BRITAIN: The man charged with murdering the Soham schoolgirls agreed at the Old Bailey yesterday that he had killed one of the 10-year-old friends by holding a hand over her face and ignoring her struggle as she suffocated to death.
It was the first time that Mr Ian Huntley (29) has publicly admitted that he killed either of the girls, Jessica Chapman and Holly Wells. The day before, he had admitted only that he was responsible for their deaths in what he had hitherto described as an accident.
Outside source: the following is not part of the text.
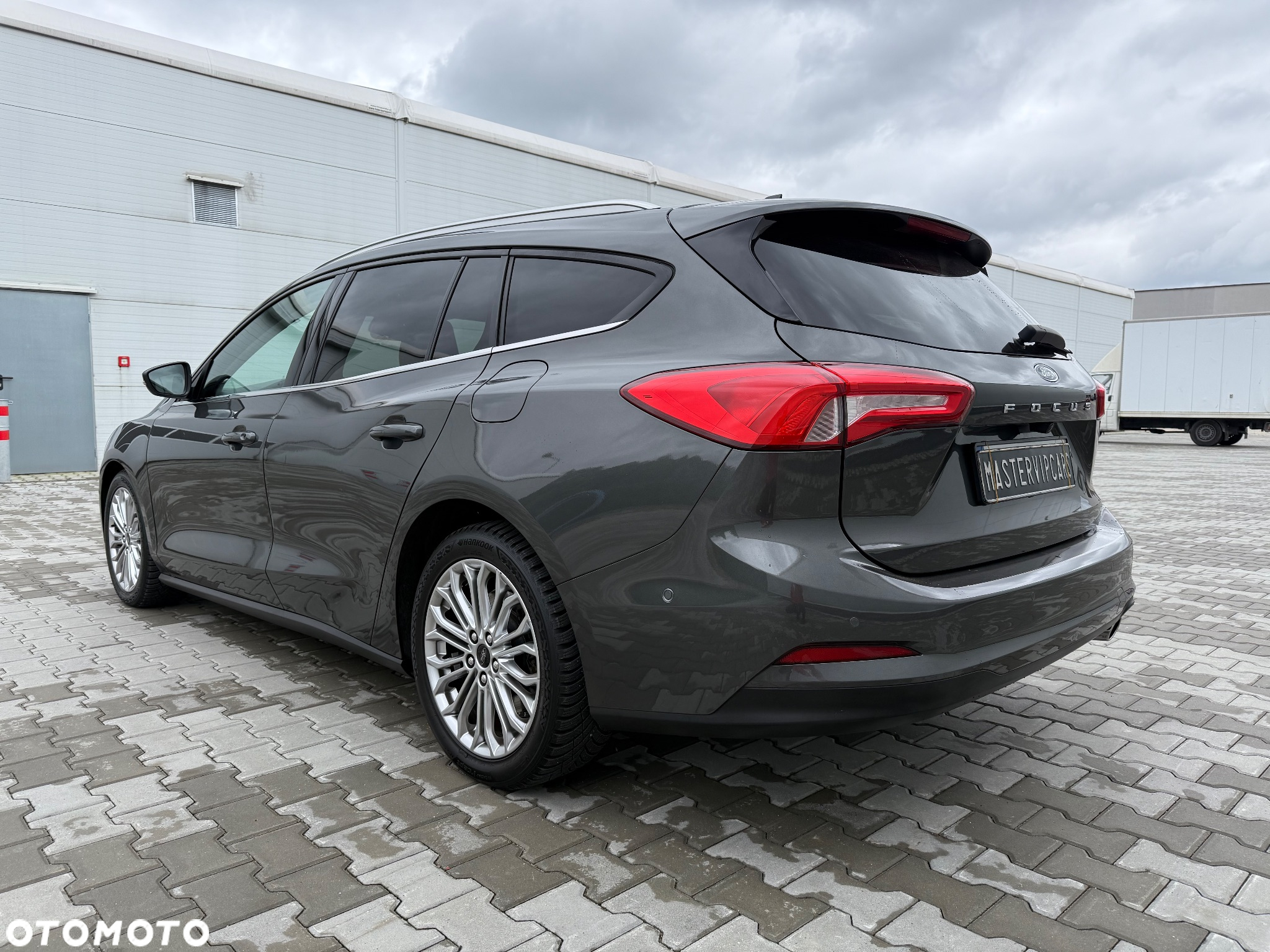 Ford Focus 1.5 EcoBlue Start-Stopp-System TITANIUM X - 5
In a day of dramatic revelations and fierce exchanges yesterday with the prosecutor, Mr Richard Latham QC, Mr Huntley, a former school caretaker who has denied two murder charges, made a series of admissions before the jury hearing his trial in Court No 1.
"I would say that one died as a result of my inability to act and the other died as a direct result of my actions," he said of Holly and Jessica. Yesterday, in his second day of testimony as part of his defence, he elaborated on the way in which Jessica Chapman died in his bathroom.
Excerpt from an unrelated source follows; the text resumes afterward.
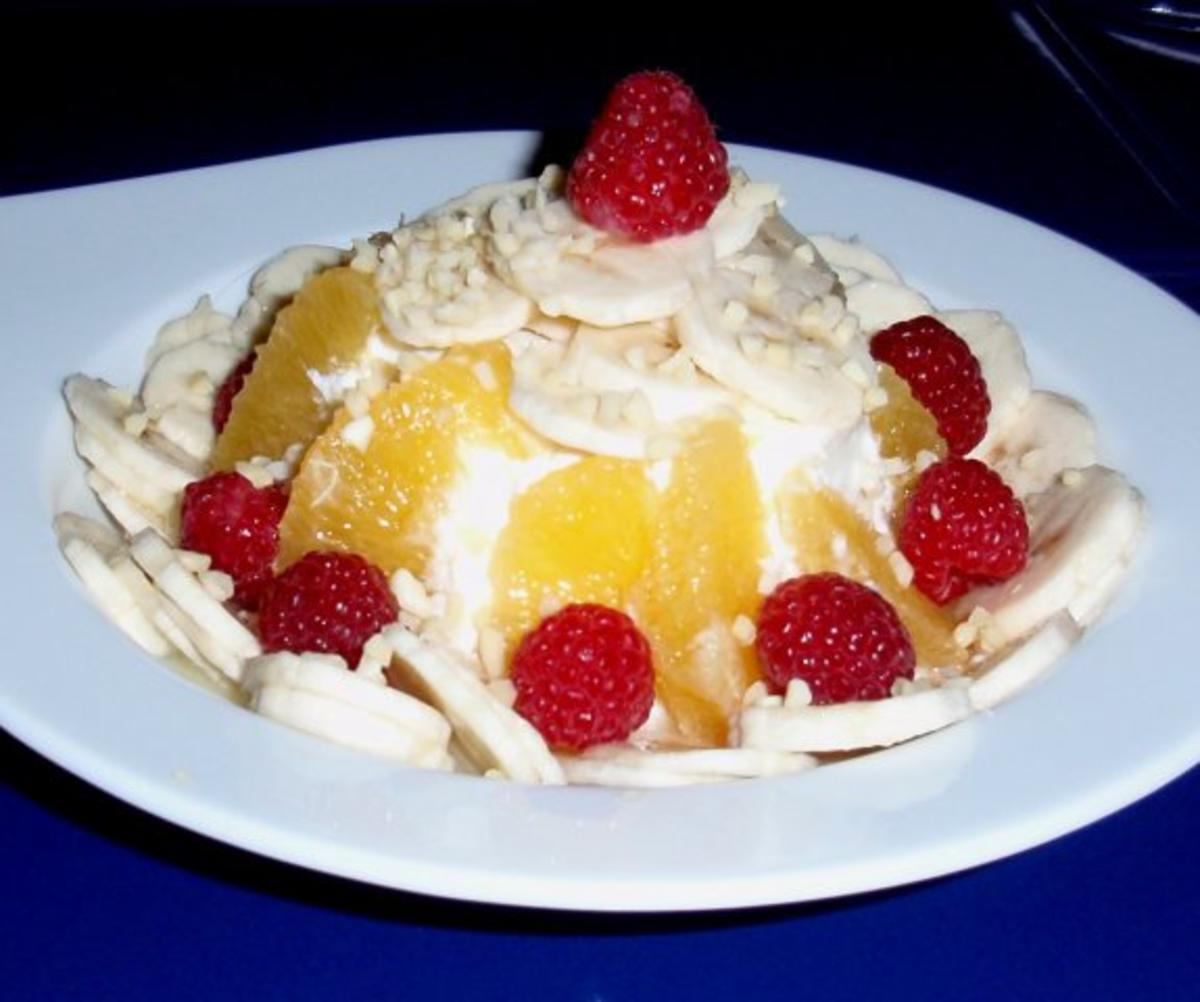 Vanillequark mit frischen Früchten - Rezept - Bild Nr. 4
He is aiming to convince the jury that the girls died as a result of a bizarre sequence of accidents, not, as the prosecution asserts, that he planned their deaths, lured them into his house and killed them in cold blood.
He has already told the court that Holly fell backwards into a bath of water, the implication being that she hit her head, was knocked unconscious and drowned.
He has said he froze with panic and did not help the child from the bath, thus saving her life, because he was unable to think of what to do.
As Holly lay motionless in the bath, Jessica began screaming, he said. He demonstrated how he had placed one hand over her mouth and nose and insisted that he could not remember what he was doing with his other hand.
Under cross-examination by Mr Latham, Mr Huntley answered a barely-audible "Yes" when asked if he had killed Jessica by holding his hand over her face in an attempt to stop her screaming.
In one of a number of emotional exchanges, Mr Huntley eventually admitted that his other hand had "possibly restrained somehow" the child he agreed was fit and active and who would have at that time been struggling for her life.
Mr Latham asked: "If you had given that girl the slightest chance she would have lived, wouldn't she?"
Mr Huntley: "Yes."
Mr Latham: "You didn't give her the slightest chance, did you?"
Mr Huntley: "No."
Mr Latham: "No, and that sort of thing doesn't happen accidentally does it, Mr Huntley?"
Mr Huntley: "I didn't mean to kill her."
Mr Latham challenged Mr Huntley's assertion that Holly's death had been accidental, suggesting that "the only way that child would have drowned in the bath is if you were holding her under the water".
"I was not holding her," Mr Huntley said.
Mr Latham: "Jessica was screaming because you were murdering Holly, that's the truth, isn't it?"
Mr Huntley: "No."
After this exchange, Mr Latham suggested to Mr Huntley that he had a temper. "You can get angry, can't you, Mr Huntley?"
He suggested that Mr Huntley had lost his temper with the girls on the afternoon they died, to which he replied: "I had no reason to lose my temper."